▶ TO DO: Records follow. Print exactly the lines from the one that has "Processadores" through the one that has "superescalar.", inclusive, and omit the pictures.

** AVAILABLE DATA follows **

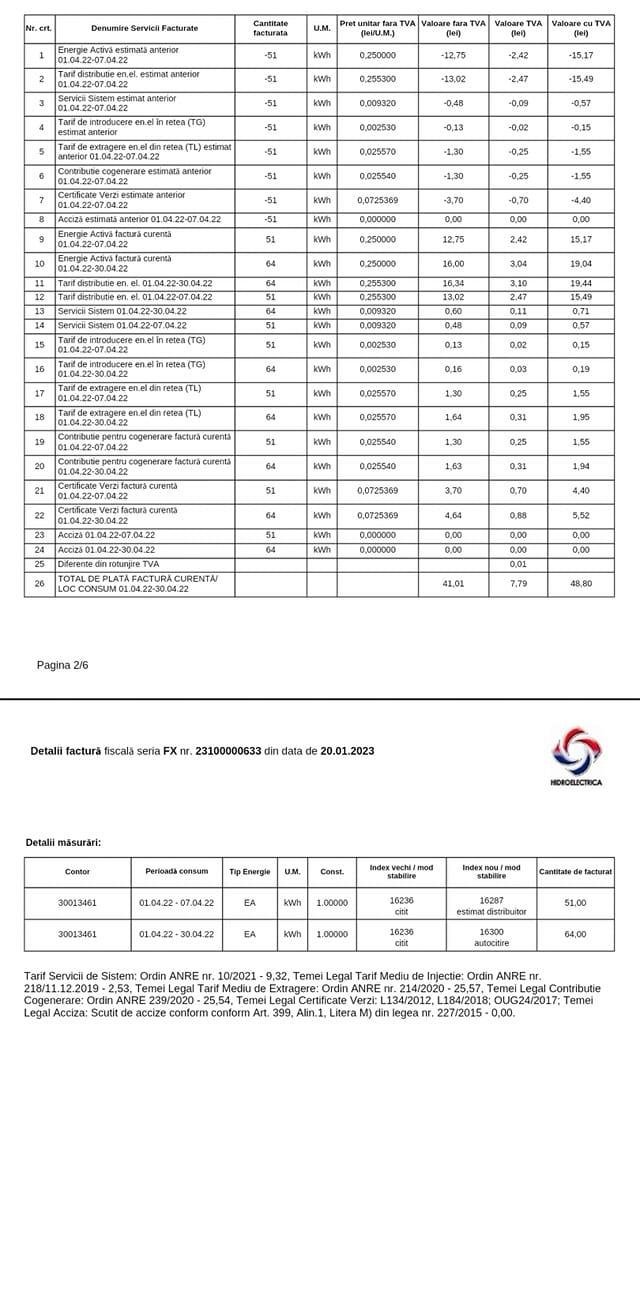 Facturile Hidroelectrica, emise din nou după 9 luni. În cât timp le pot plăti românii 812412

** End of AVAILABLE DATA **
** AVAILABLE DATA follows **

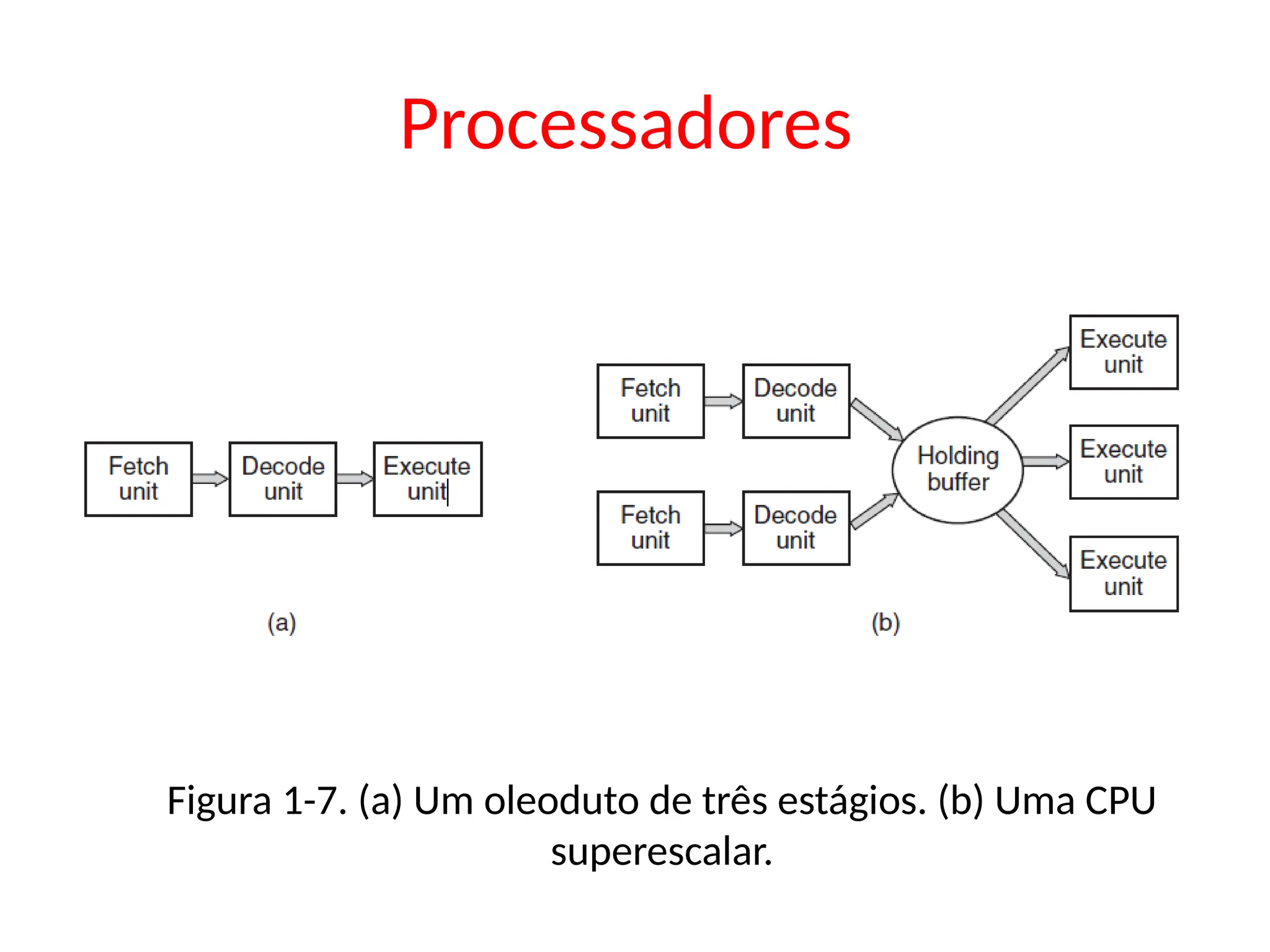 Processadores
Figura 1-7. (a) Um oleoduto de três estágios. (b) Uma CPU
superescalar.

** End of AVAILABLE DATA **
** AVAILABLE DATA follows **

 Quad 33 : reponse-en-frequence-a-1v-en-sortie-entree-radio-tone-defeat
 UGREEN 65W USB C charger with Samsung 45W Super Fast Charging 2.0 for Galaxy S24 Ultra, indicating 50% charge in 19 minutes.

** End of AVAILABLE DATA **

▶ WRITTEN RESPONSE:
 Processadores
Figura 1-7. (a) Um oleoduto de três estágios. (b) Uma CPU
superescalar.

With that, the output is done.